It was at this time I realised my handy note taking app – Gmail – had somehow deleted my draft. Sigh.

Needing a place to sit and hastily re-type my notes, I headed for the ‘Unconf’.

If you aren’t aware, the Unconf is the fourth talk-track. It only announces its speakers on the day, so you won’t find them on the official website. The talks here are shorter – 25 minutes – and often more advanced, or specific in subject.

As soon as I saw a talk about Symfony Flex I decided I would be in there for a while 🙂

Unconf – Creating Rich Universal React Apps Powered By RESTful PHP – Akihito Koriyama

There was a lot of detail in this talk – more than could be reasonably covered in 25 minutes.

A really useful takeaway for me here was in what the HTTP OPTIONS  verb is supposed to be used for. Now, here’s me thinking it’s just the annoying verb that often reports a failure when CORS problems occur 😉

OPTIONS , I learned, are (rather unsurprisingly, given the name) supposed to tell the API consumer exactly what can be done with any given endpoint.

Now this all assumes you are providing a truly RESTful implementation. In most of my projects lately I have instead opted for the simpler approach of providing a JSON API.

There was a lot of emphasis on HAL. All examples were given in the context of Bear.sunday though Akihito did also mention that API Platform offered similar functionality, for the Symfony-inclined.

I really enjoyed this talk. I wish I had taken further notes around Akihito’s implementation of Server Side Rendering, which has become a problem for me in the time since attending PHPNW17.

Unconf – Enfys: The Infant Year – Mark Baker

I had absolutely no idea what Enfys was before this talk.

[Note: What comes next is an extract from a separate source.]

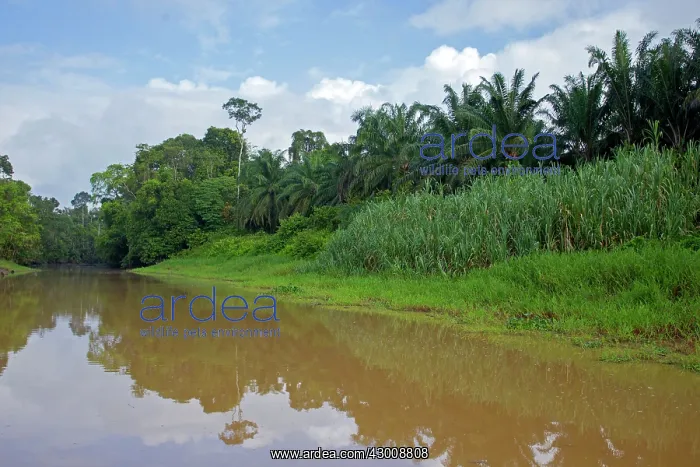 : Kinabatangan River showing destruction of : Kinabatangan River showing destruction of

You may not either, so allow me to enlighten you:

Enfys is the Elephant plushy representing diversity in the PHP Community.

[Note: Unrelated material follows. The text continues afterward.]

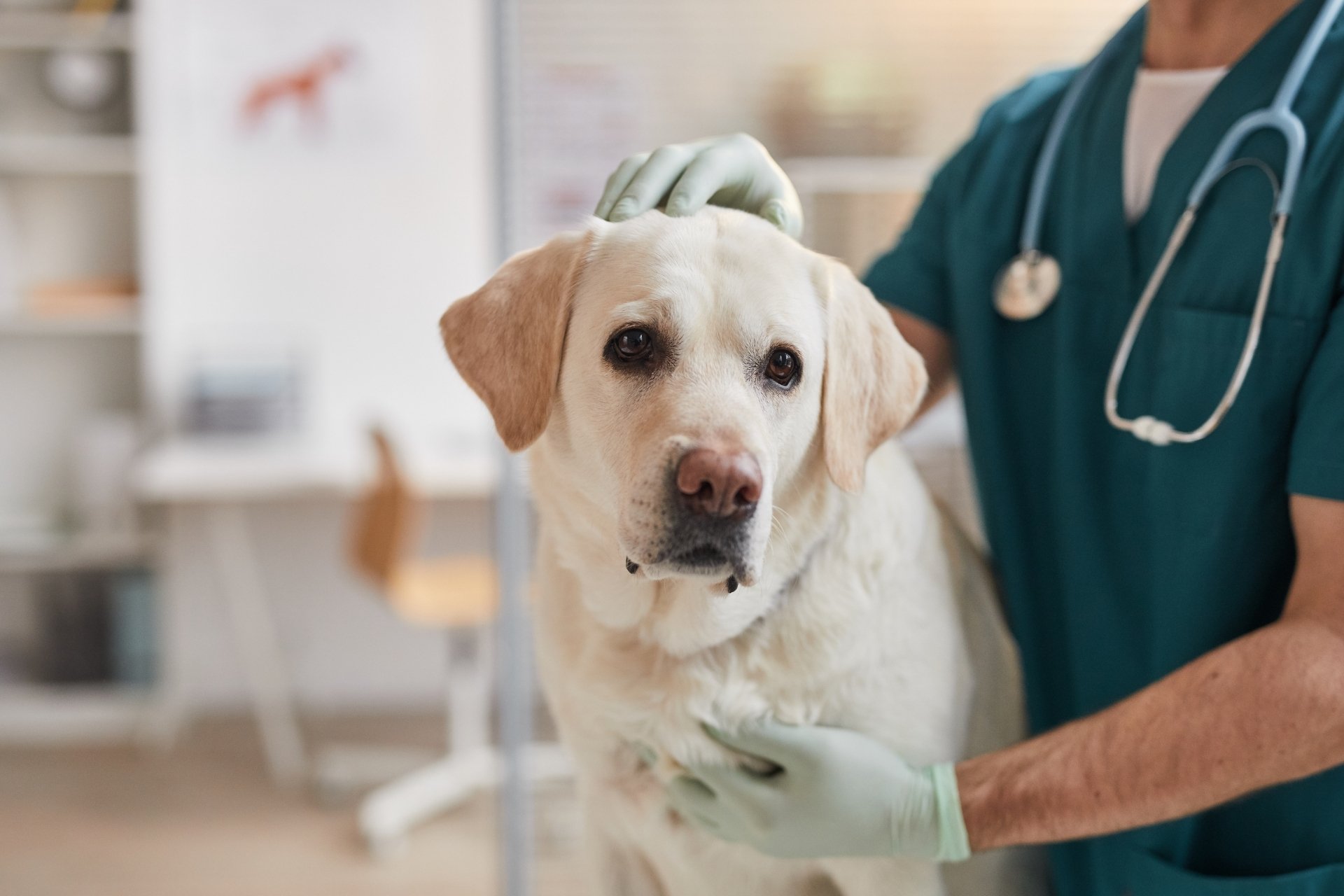 Puppy having a check up in a clinic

This talk was all about the journey from idea to successful kick-starter.

This was an absolutely fantastic talk, well delivered and full of warm feels 🙂 It is obvious that Mark cares passionately about his project, and its wider implications.

I would strongly recommend reading the kickstarter page as it contains a great description of what this project is about, and why it’s needed. I confess my ignorance to issues like this well in advance. Being that I work almost entirely remotely, I have never experienced any of the problems that this project aims to address. Without attending PHPNW17 I likely would never have come to hear about this project.

I had to ask – what does Enfys mean? Mark told a wonderful story of how he came across the name. Again from the kickstarter page:

“Enfys” is a Welsh name meaning “Rainbow”, and is gender neutral (it can be used for both boys and girls), so it seemed an ideal name for a new Rainbow Elephpant, to promote Diversity within the PHP Community.

Brilliant.

Dinner Time

I wouldn’t normally spend too long on the dinner time round up, but at PHPNW17 I got lucky.

Rasmus, less so.

One of the strange parts about the PHP North West conference is that at dinner time the food is served in the main exhibition hall area, but you can eat in the unadvertised dining area.

Fortunately having been a few times now, I knew about the dining area, as eating a chicken steak stood up is not easy to do.

Anyway, in I went and being a loner, it’s usually fairly easy to find a seat.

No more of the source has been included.